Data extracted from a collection
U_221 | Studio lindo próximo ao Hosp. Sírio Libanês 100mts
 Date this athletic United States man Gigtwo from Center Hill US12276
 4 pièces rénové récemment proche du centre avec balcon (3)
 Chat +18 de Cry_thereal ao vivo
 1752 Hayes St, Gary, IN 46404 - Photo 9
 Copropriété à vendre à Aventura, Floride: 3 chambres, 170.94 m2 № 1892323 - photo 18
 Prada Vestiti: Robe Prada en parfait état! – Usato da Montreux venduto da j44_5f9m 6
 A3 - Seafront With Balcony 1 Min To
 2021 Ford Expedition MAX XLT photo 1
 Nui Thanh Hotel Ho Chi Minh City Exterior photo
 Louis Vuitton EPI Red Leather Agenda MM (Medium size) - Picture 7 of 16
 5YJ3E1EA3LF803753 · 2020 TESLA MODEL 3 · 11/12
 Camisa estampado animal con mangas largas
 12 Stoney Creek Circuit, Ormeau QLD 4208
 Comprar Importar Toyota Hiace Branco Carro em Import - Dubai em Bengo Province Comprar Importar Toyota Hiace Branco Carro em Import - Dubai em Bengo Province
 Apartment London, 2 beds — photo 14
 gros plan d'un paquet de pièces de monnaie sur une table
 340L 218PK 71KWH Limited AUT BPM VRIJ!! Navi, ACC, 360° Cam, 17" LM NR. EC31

YOUR OBJECTIVE
What is needed is a word-for-word restatement of every line from the one with "Camisa estampado animal con mangas largas" to the end of the entries above.

ANSWER SPACE
 Camisa estampado animal con mangas largas
 12 Stoney Creek Circuit, Ormeau QLD 4208
 Comprar Importar Toyota Hiace Branco Carro em Import - Dubai em Bengo Province Comprar Importar Toyota Hiace Branco Carro em Import - Dubai em Bengo Province
 Apartment London, 2 beds — photo 14
 gros plan d'un paquet de pièces de monnaie sur une table
 340L 218PK 71KWH Limited AUT BPM VRIJ!! Navi, ACC, 360° Cam, 17" LM NR. EC31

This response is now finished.